### Task details
Repeat the listing below verbatim, without its images.

### Dataset section
[Start of Attachment]
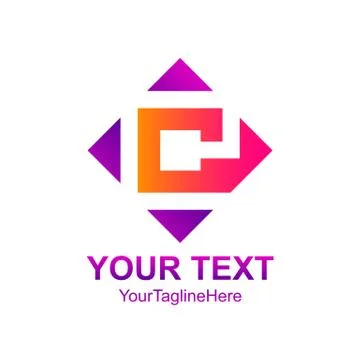 Initial letter C logo template colorfull square design for business and compa Stock Illustration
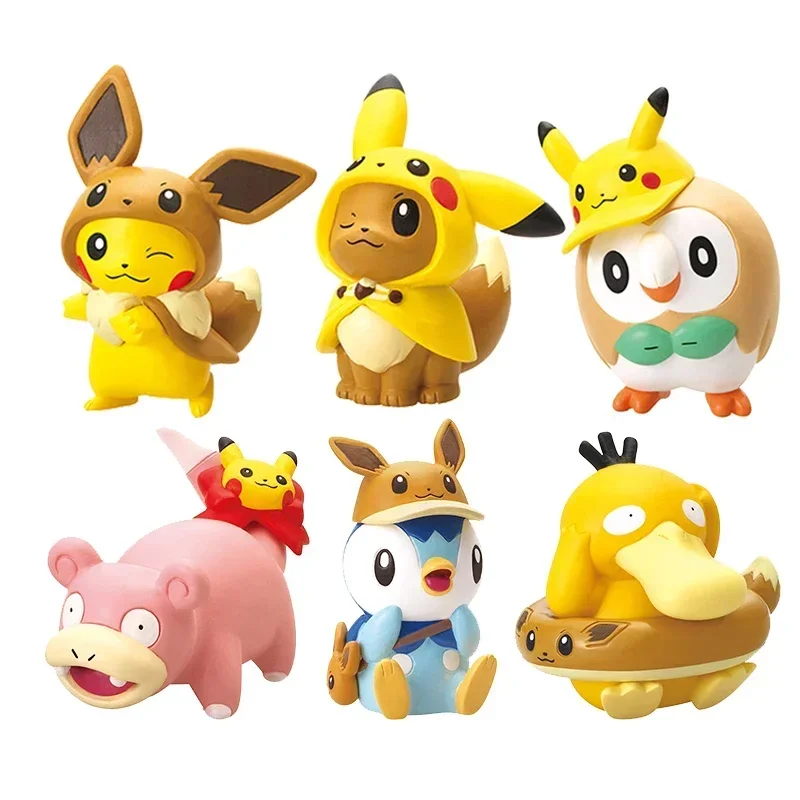 Pokemon Anime Genuine Gashapon Capsule Toy Piplup Figurine Slowpoke Doll Pikachu Psyduck Eevee Action Figures Model Ornaments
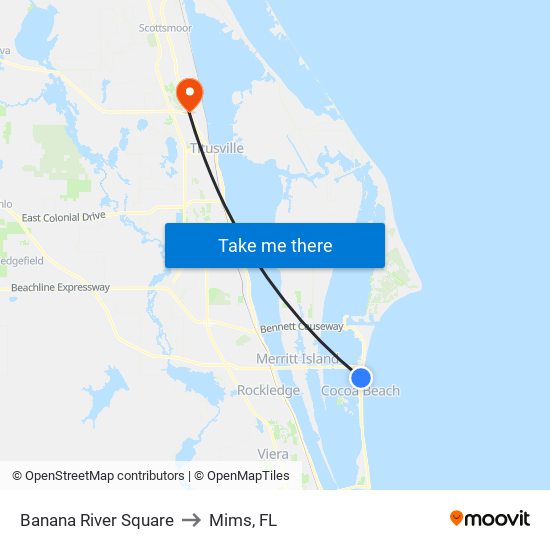 Banana River Square to Mims, FL map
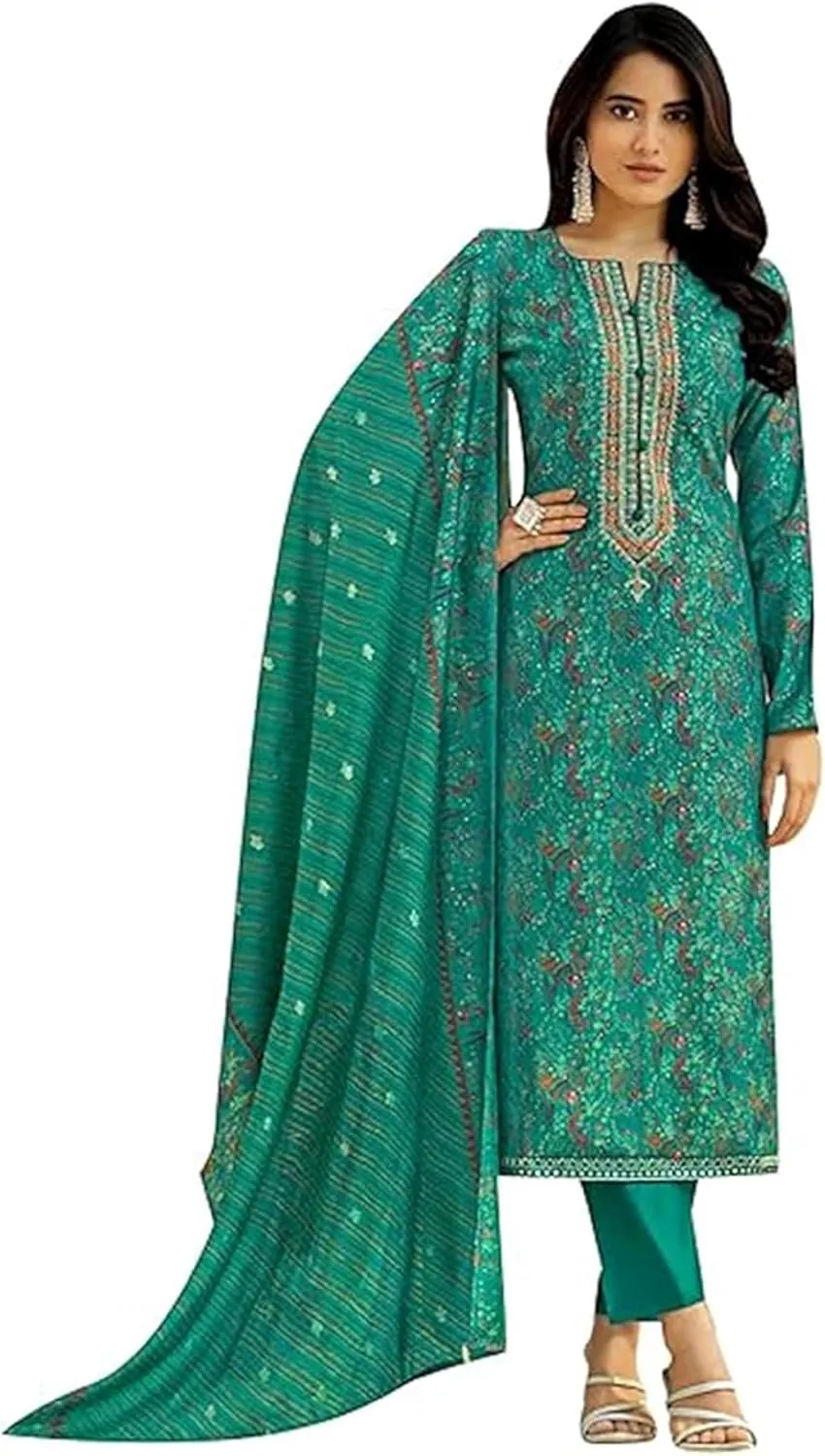 Indian Ceremony Ready To Wear Shalwar Kameez Suits Pakistami Palazzo Pant Dress (US, Numeric, 60, Regular, Regular, Rama Green)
[End of Attachment]
### Solution to the exercise
 Initial letter C logo template colorfull square design for business and compa Stock Illustration
 Pokemon Anime Genuine Gashapon Capsule Toy Piplup Figurine Slowpoke Doll Pikachu Psyduck Eevee Action Figures Model Ornaments
 Banana River Square to Mims, FL map
 Indian Ceremony Ready To Wear Shalwar Kameez Suits Pakistami Palazzo Pant Dress (US, Numeric, 60, Regular, Regular, Rama Green)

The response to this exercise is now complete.